**Prompt**
Repeat verbatim what the listing holds, but not its pictures.

**Information shown**
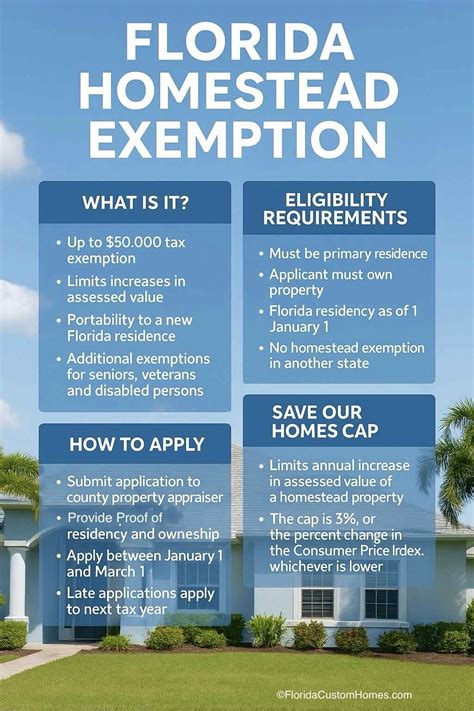 Homestead Tax Exemption Florida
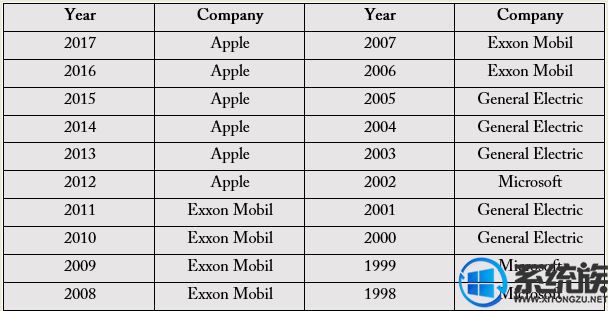 微软16年后又将成全球市值最大公司 但苹果不甘落后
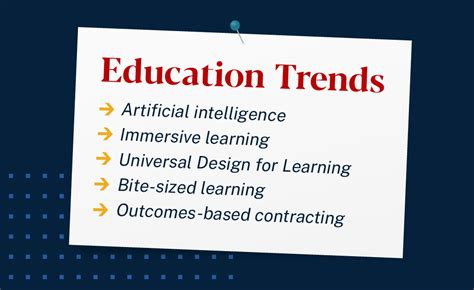 Learning Trends 2025 的图像结果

**Task output**
 Homestead Tax Exemption Florida
 微软16年后又将成全球市值最大公司 但苹果不甘落后
 Learning Trends 2025 的图像结果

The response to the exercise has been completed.